Best Practices in Prototyping

Cross-Functional Teams

Like any new project, a collaborative, hard-working, well-functioning team is needed to ensure success of AI/ML prototype efforts. But unlike many business projects, which are often functionally managed in a single department, AI/ML projects require significant cross-functional expertise.

The number of people required varies based on the complexity of the project, but as with all good software development efforts, a handful of fully committed resources will always produce superior outcomes than a larger, highly fragmented team.

The following figure highlights five key roles in any prototyping effort: data scientist(s), data engineer(s), project manager, product manager, and developer(s).

Infographic

Figure 28: A cross-functional team is required to prototype AI/ML applications

The data engineer(s) extract, wrangle, and unify big data from source systems (like data historians or databases). They are responsible for collaborating with data scientists to ensure the data are correlated and normalized in a manner conducive to the machine learning models.

The data scientist(s) explore, test, and evaluate machine learning models using historical data. They are responsible for visualizing data, training machine learning models, computing performance metrics, and visualizing results.

The developer(s) create the software interfaces that enable end users to consume and act on ongoing model inferences. Such interfaces can include APIs (or other hooks) to existing systems and applications or full workflow-enabled, browser-based application user interfaces.

The product manager defines the scope and requirements of the AI/ML application, including the AI insight(s) necessary, how to surface those insights to users, and the best approach to operationalize those insights within a business process.
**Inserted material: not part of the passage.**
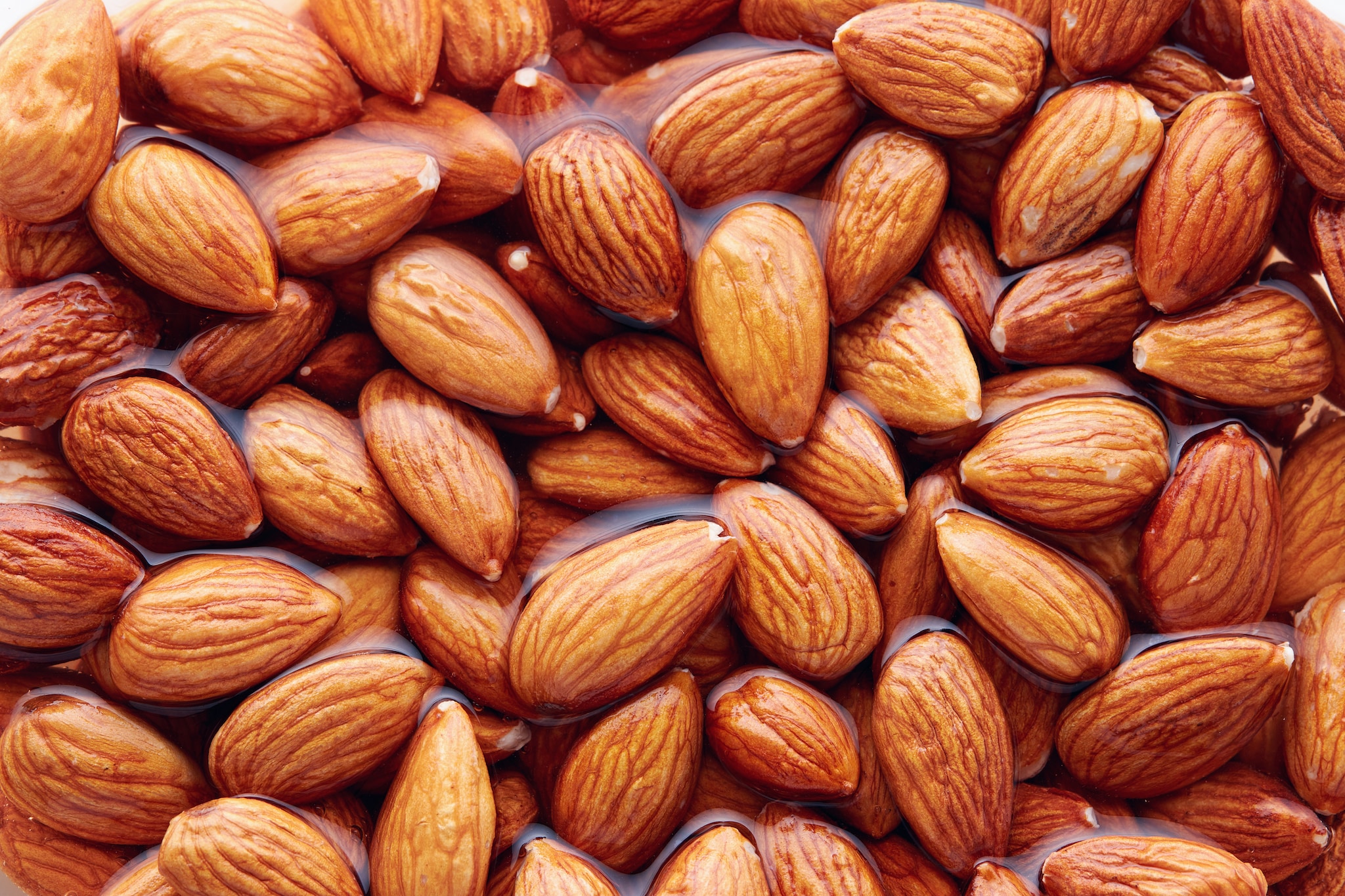  வெறுமனே பாதாம் பருப்பை சாப்பிடும்போது, நீர்ச்சத்து இன்றி அதிக சுவை இருக்காது. அதுவே ஊறவைத்து எடுத்துக் கொண்டால் அதில் உள்ள நீர்ச்சத்து அதிகரிப்பதன் காரணமாக சாப்பிடுவதற்கு சுவையாக இருக்கும் மற்றும் அதன் தோற்றம் நல்ல ஈர்ப்பு கொண்டதாக இருக்கும்.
The product manager is a bridge between business users, data scientists, and data engineers. The product manager has to understand the economic value drivers of the machine learning problem while structuring and guiding the problem-solving effort.

The project manager tracks the activities, timelines, deliverables, and status of the development. The project manager aligns work activities, tracks progress, identifies solutions to project barriers, and escalates issues early and often to senior leadership.